MBFC BTFO: https://mediabiasdetector.seas.upenn.edu/
The smart way to keep people passive and obedient is to strictly limit the spectrum of acceptable opinion, but allow very lively debate within that spectrum....
Assuming this isn't just evidence that the methodology sucks or the sample is crap because they picked a single right-wing crank site to serve as the functional outgroup, it seems to be pointing to a distinct lack of liveliness. The debates are all over lurid speculation about the diets and religious practices of immigrant communities.
The discourse gap between the two groups have narrowed so much that it wouldn't surprise me if that's how it looks on a chart. They're not arguing about whether they should or shouldn't do things anymore, merely how.

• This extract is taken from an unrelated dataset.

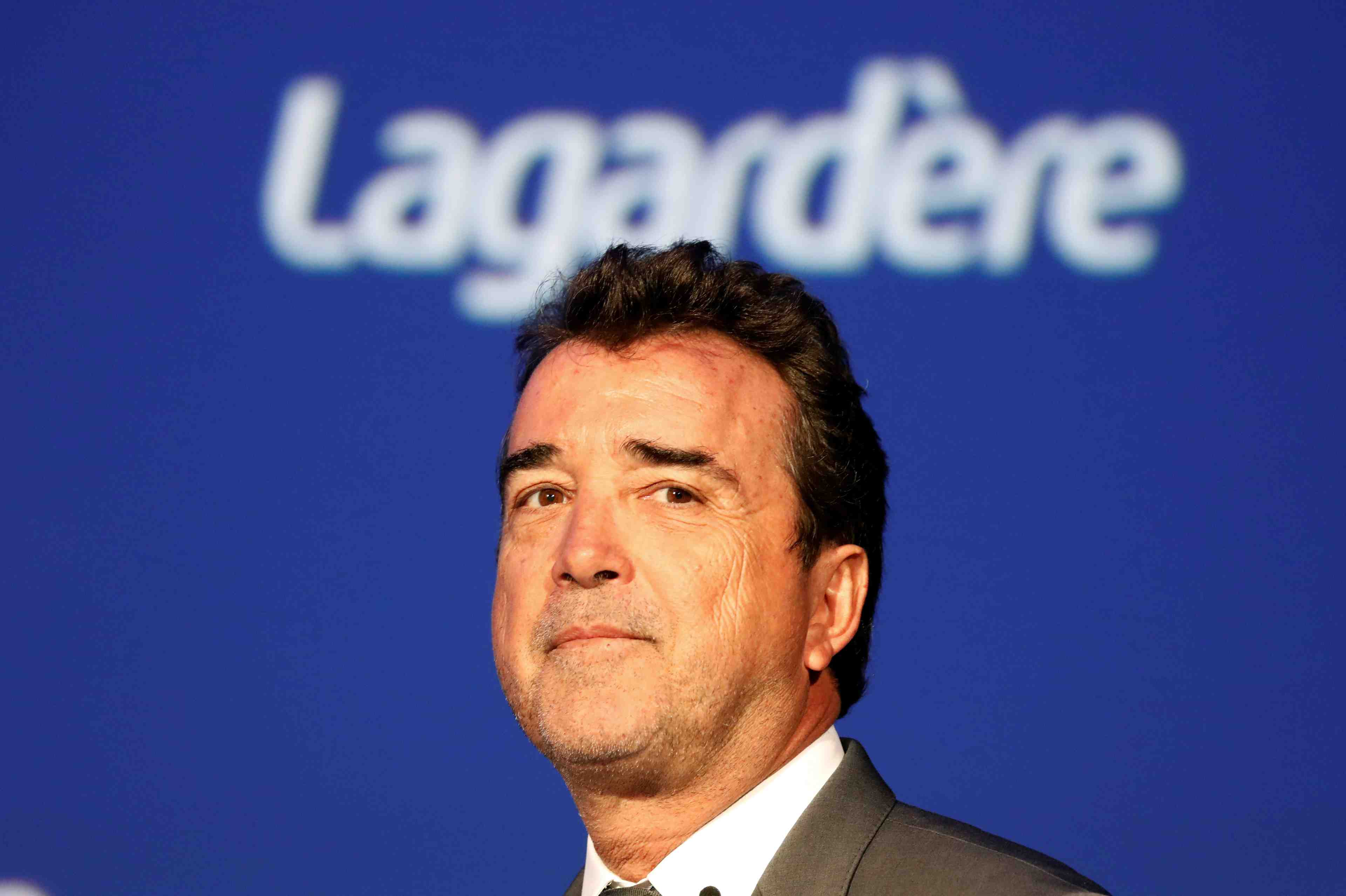 Lagardere: nouvelle feuille de route, le mandat d'arnaud lagardere prolonge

I don't think that's the problem. The problem is that an AI can't know truth from falsehood, or when things are being omitted, overtly emphasized, etc. The only thing it can actually evaluate is tone, and the factual, objective affect that all news reporting tends to use is gonna read as unbiased. It'd only register as biased if they started throwing out insults, used lots of positive or negative adjectives, or other kinds of semantically evident bias. You'd basically need an AGI to actually evaluate how biased an article is. Not to mention that attempting to quantify that bias assumes that there even is a ground truth to compare against, which might be true for the natural sciences but is almost always false for social reality.
You'd basically need an AGI to actually evaluate how biased an article is.
Too many bazingas, including a few on Hexbear, believe that a sufficiently large dataset (and sufficient burned forests and dried up lakes) will make the treat printers AGI.
Oh yeah, if you want something reflecting objective reality, sure absolutely. You need context out the wazoo. But, if you're just measuring a spread of bias from Democrat to Republican among the hegemonic media sources that are already only reporting within that context you can probably be pretty accurate for which way they're leaning. Especially since within that spread "reporting" is largely gonna be providing support for talking points from one party or the other.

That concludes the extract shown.